◆ Exercise materials ◆
----------------------------------------

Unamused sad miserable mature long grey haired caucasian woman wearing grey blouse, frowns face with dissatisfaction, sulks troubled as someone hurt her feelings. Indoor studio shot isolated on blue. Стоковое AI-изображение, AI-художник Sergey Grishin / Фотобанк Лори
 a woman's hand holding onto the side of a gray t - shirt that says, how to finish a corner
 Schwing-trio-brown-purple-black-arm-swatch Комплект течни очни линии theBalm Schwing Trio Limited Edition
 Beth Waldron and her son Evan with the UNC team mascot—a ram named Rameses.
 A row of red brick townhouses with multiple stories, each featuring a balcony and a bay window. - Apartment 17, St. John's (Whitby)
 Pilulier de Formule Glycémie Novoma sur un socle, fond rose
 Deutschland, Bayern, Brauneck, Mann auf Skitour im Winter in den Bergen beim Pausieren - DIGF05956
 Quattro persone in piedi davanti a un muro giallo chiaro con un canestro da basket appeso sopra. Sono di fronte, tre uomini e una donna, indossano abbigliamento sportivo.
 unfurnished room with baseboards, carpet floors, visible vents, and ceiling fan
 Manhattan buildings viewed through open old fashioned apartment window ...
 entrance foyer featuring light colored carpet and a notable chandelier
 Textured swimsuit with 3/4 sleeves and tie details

----------------------------------------

Write out the lines of the records exactly, starting at the one holding "Deutschland, Bayern, Brauneck, Mann" and ending with the last line, and include no others.

 Deutschland, Bayern, Brauneck, Mann auf Skitour im Winter in den Bergen beim Pausieren - DIGF05956
 Quattro persone in piedi davanti a un muro giallo chiaro con un canestro da basket appeso sopra. Sono di fronte, tre uomini e una donna, indossano abbigliamento sportivo.
 unfurnished room with baseboards, carpet floors, visible vents, and ceiling fan
 Manhattan buildings viewed through open old fashioned apartment window ...
 entrance foyer featuring light colored carpet and a notable chandelier
 Textured swimsuit with 3/4 sleeves and tie details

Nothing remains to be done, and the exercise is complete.